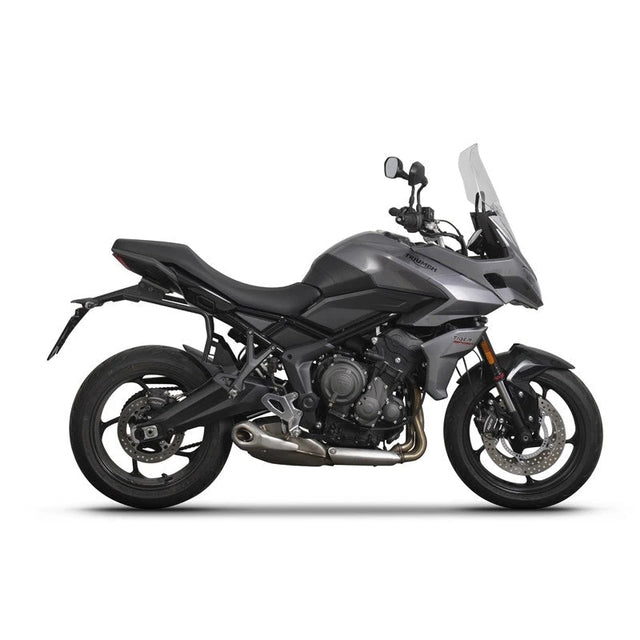 Seitenkofferträger Satz Shad 3P – Triumph Tiger Sport 660 2022-2024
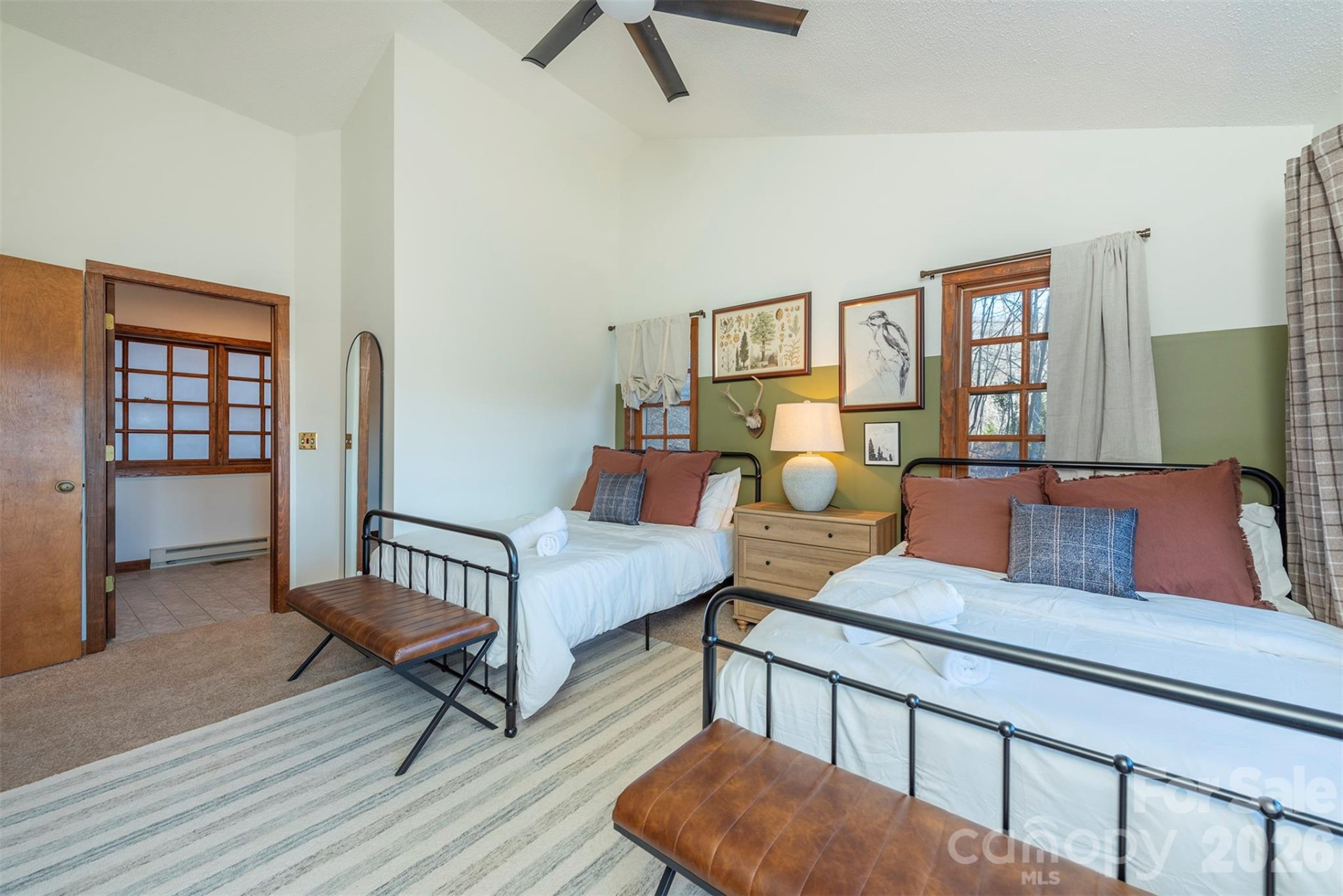 322 Goldenleaf Road - Photo 40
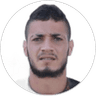 F. Ben Romdhane, Midfielder for Etoile du Sahel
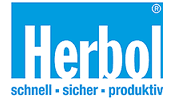 herbol logo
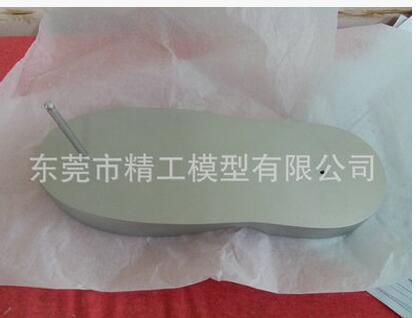 3D打印復(fù)模圖片/3D打印復(fù)模樣板圖 (3)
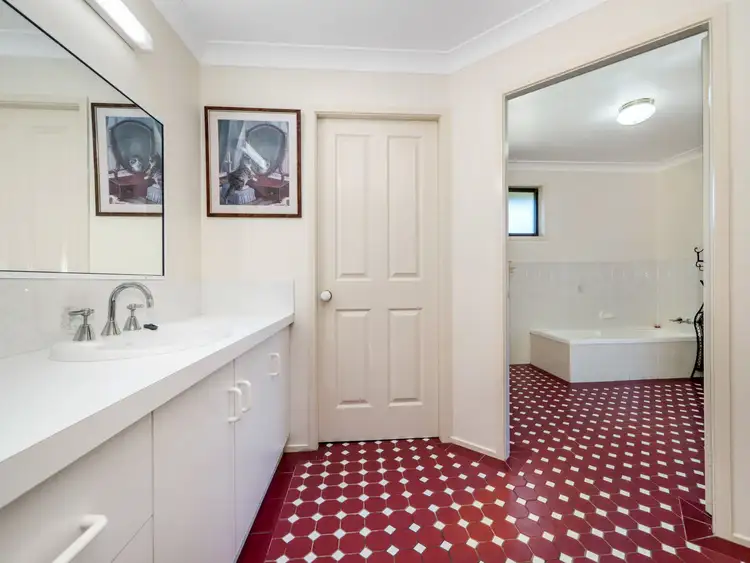 Fourth view of Homely house listing, 10 Sanctuary Court, Goonellabah NSW 2480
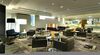 Hotel Hilton Kensington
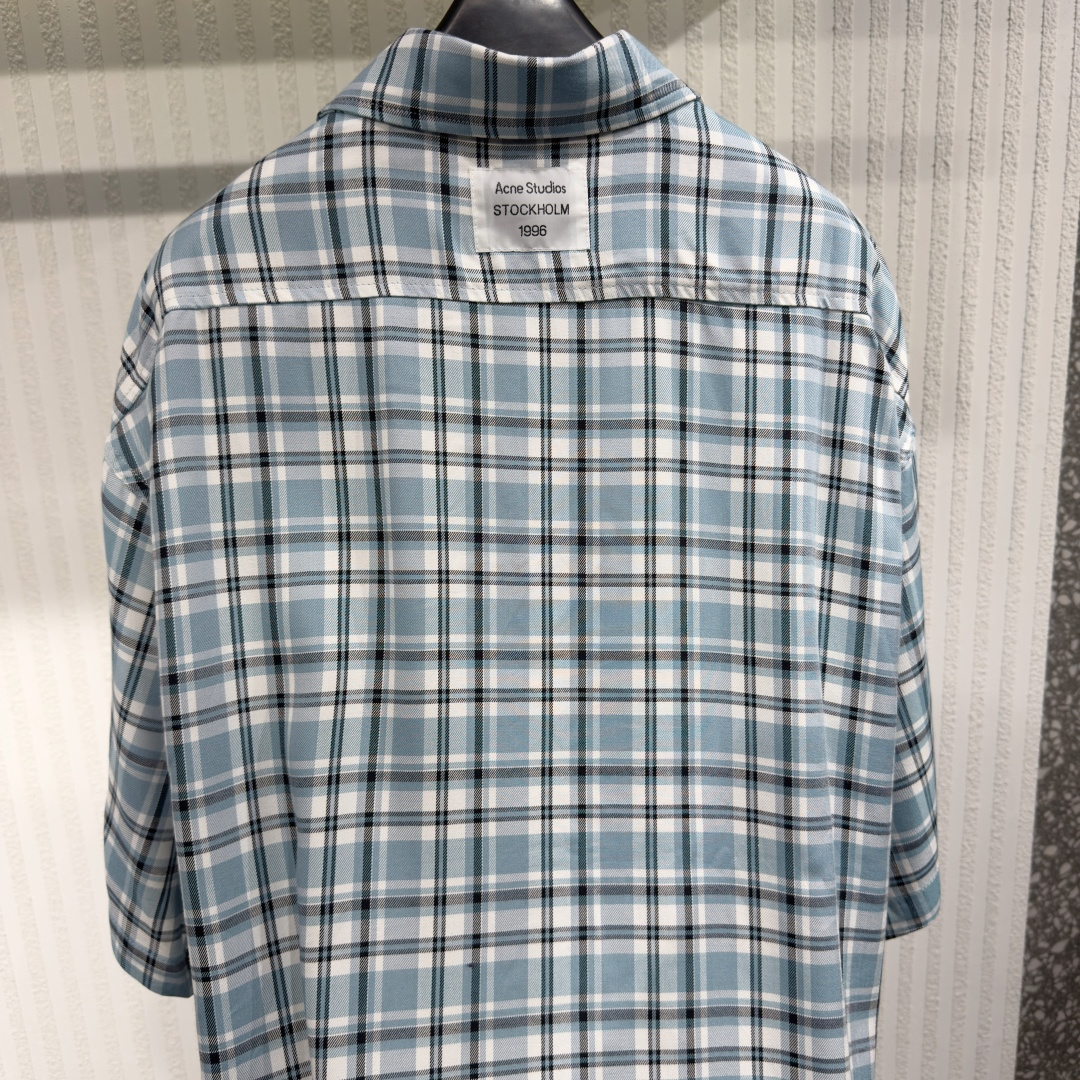香奈儿 Chanel 高级成衣风衣外套及大衣服饰 #D67C315D 4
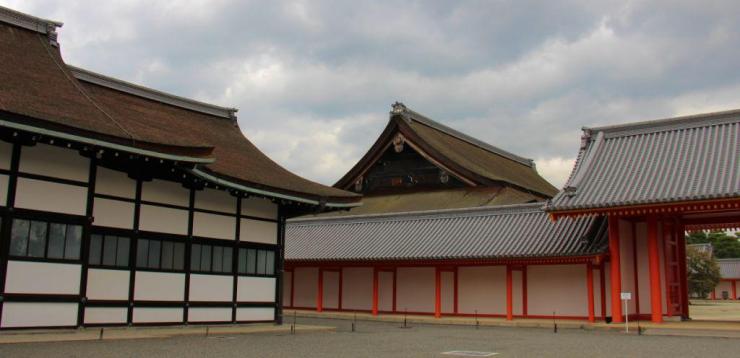 former-imperial-palace-9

○ ○ ○

* _Task details_: Whatever pictures the entries contain, omit them, and write the rest out exactly.

* _Your response_:
 Seitenkofferträger Satz Shad 3P – Triumph Tiger Sport 660 2022-2024
 322 Goldenleaf Road - Photo 40
 F. Ben Romdhane, Midfielder for Etoile du Sahel
 herbol logo
 3D打印復(fù)模圖片/3D打印復(fù)模樣板圖 (3)
 Fourth view of Homely house listing, 10 Sanctuary Court, Goonellabah NSW 2480
 Hotel Hilton Kensington
香奈儿 Chanel 高级成衣风衣外套及大衣服饰 #D67C315D 4
 former-imperial-palace-9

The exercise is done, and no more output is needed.